The solar industry in the United States has seen massive growth over the last few years aided by falling panel prices and stable incentives from the federal government. Between 2010 and 2013, annual installations grew almost four-fold to around 3,300 MW. However, the availability of easily accessible and cheap funding has been a concern for project developers. The solar investment tax credit [ITC], which provides a 30% tax credit to solar project developers and has traditionally helped to attract capital from tax equity investors, is set to expire in 2016. The ’1603′ Treasury program, which allows developers to encash their tax credits, is also set to expire in 2016, and this could potentially have an impact on funding for solar projects [SEIA]. Given these potential changes, it has become important for solar project developers to look at alternatives such as asset-backed securities to raise cheaper capital.
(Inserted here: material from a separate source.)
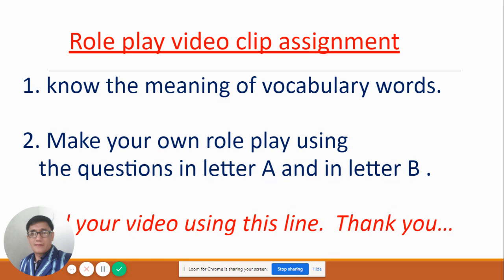Yes, it is an assignment from you. I have two assignments. Number one: know the meaning of the vocabulary words. Remember we have five vocabulary words I gave you a while ago. I did not give the meaning because I want you to know the meaning of every word I gave you. I want you to know the meaning of those vocabulary words one by one.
Solar Asset Backed Securities And Their Advantages
Asset backed securities [ABS] typically pool together a set of mortgages, automobile loans or credit card loans, and pass on the payments from these assets to investors. Solar project developers are also considering ABS as a vehicle to securitize power purchase agreements [PPA] as well as residential solar leases. This could allow them to cut down on financing cost as well as attract capital from a wider base of investors who want exposure to the solar sector.
ABS pools are generally broken up into different tranches or layers with each tranche having a different amount of credit risk and a related credit rating. The tranche with the highest credit rating and lowest risk is paid off first after which the second highest rated tranche is paid off and so on. The lowest rated tranche has the highest risk and accordingly the highest return. Since each ABS security represents a fraction of ownership in a pool of solar-related assets, it improves diversification and brings down the overall risk of the investment as compared to a single, large private investment. Additionally, the creditworthiness will now depend upon the credit quality of the collateral pool and not that of the issuer. The liquidity and marketability of ABS is also likely to be better compared to private investments, while pricing could also be more accurate since securities would be publicly traded [National Renewable Energy Lab]. Given these advantages and the lower risk, ABS can help to reduce the cost of funding for solar project developers. The ABS investments are likely to be attractive to investors such as insurance companies who seek longer duration securities.
While project developers haven’t ventured into asset backed securities for rooftop solar installations as of yet, Solar City (SCTY) has been planning to securitize its solar leases into asset backed securities [Gigaom]. If the sale works out well, we believe that other solar residential lease providers such as SunPower (SPWR), which is one of the largest residential solar lease providers in the United States could follow suit.
Lack Of Data And Participation Of Rating Agencies
There are some obstacles to securitizing solar assets. For one, credit rating agencies have been hesitant to take a lead in rating these deals given that it is an new asset class which lacks data. While the ABS securities are based leases that can run as long as 20 years, only around five years of data is available for rooftop solar installations so it may not be possible to reliably estimate the performance of the systems and the consequent payments from customers over an extended period [Greentech Media]. Besides data issues, there is also the risk that homeowners could default on their lease payments as well as a risk that the lease provider goes out of business or fails to adequately maintain the systems properly leading to performance degradation of the solar power system.
Master Limited Partnerships And Real Estate Investment Trusts
Other structures such as master limited partnerships (MLPs) and Real Estate Investment Trusts (REITs) could help to bring additional financing into the solar industry. Unlike an ABS which is a debt security, MLPs are used for equity financing. While companies formed as an MLP can trade on the stock markets like regular stock of corporations, they are taxed as partnerships, meaning that they do not pay income tax at the corporate level as long as they distribute a certain percentage of their income as dividends. Taxes are paid by individuals at their marginal tax rate. While MLPs are currently available for conventional energy companies, the U.S. Congress is considering expanding the MLP structure for renewable energy companies as well.
REITs, which have traditionally been used as a tax-advantaged means of investing in real estate and real-estate related assets, have also emerged as a potential structure for solar and renewable energy projects in recent times. Quite like MLPs, REITs enjoy favorable tax treatment and trade like shares of stock on exchanges. However there has been ambiguity regarding what portions of the solar projects that the IRS may accept as REIT assets and there are several issues to be resolved before Solar REITs can become a reality [Solar Industry].